+++ EXERCISE DATA +++

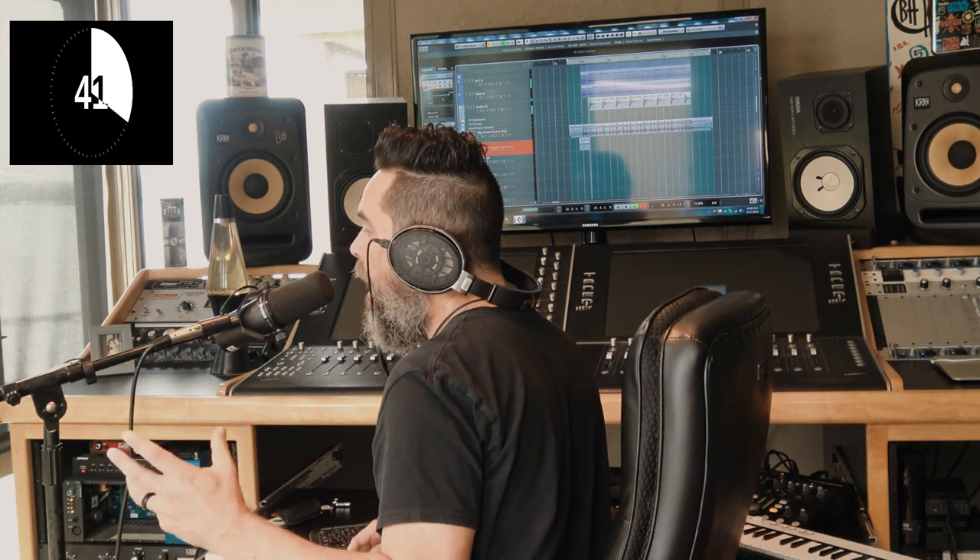Pretty big drums, right? Let's make a Mutt Lang fade. So I'm going to say 'hey' every time the snare drum hits. Hey! Now I'm going to do that 40 more times with different types of 'hey' and different mic techniques. Let's go.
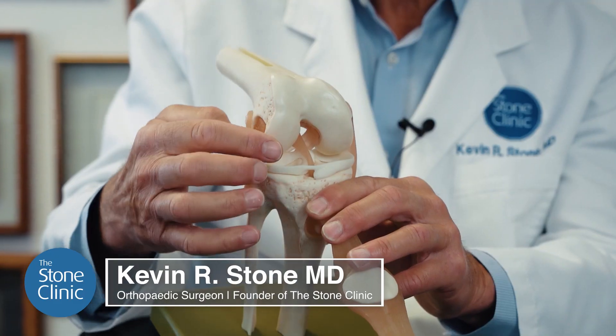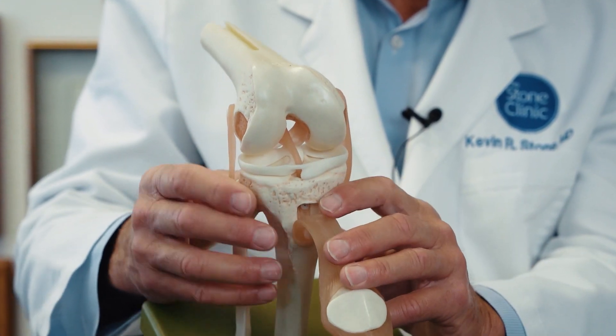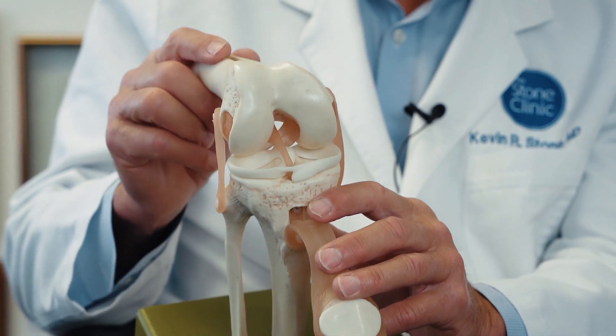Meniscus replacement or meniscus transplantation is indicated for anyone who has lost their meniscus cartilage through injury or surgery and is often starting to develop pain in that compartment. In a young person who loses their meniscus — somebody under 30 years old — we think it's an urgency, if not almost an emergency, to replace that missing meniscus tissue, because those people will, with a very high chance, go on to develop arthritis.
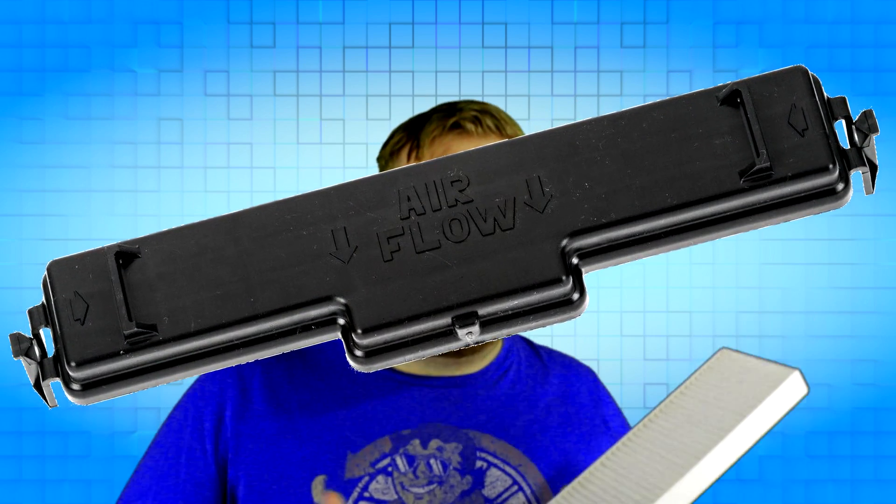With that being said, how do you find the correct direction to point this filter? When you took the filter out, there's usually a door or panel that you have to flip down or remove, and on that you may find molded into the plastic an arrow or something else saying this is the direction that the air flows. If you can't find anything like that, fortunately there's another way to find out which way the air is flowing.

+++

- TASK OBJECTIVE:
Nothing should appear in the reply except the lines from the start of the listing above through the line with "Meniscus replacement or", repeated exactly and free of pictures.

- RESULT OF THIS TASK:
Pretty big drums, right? Let's make a Mutt Lang fade. So I'm going to say 'hey' every time the snare drum hits. Hey! Now I'm going to do that 40 more times with different types of 'hey' and different mic techniques. Let's go.
Meniscus replacement or meniscus transplantation is indicated for anyone who has lost their meniscus cartilage through injury or surgery and is often starting to develop pain in that compartment. In a young person who loses their meniscus — somebody under 30 years old — we think it's an urgency, if not almost an emergency, to replace that missing meniscus tissue, because those people will, with a very high chance, go on to develop arthritis.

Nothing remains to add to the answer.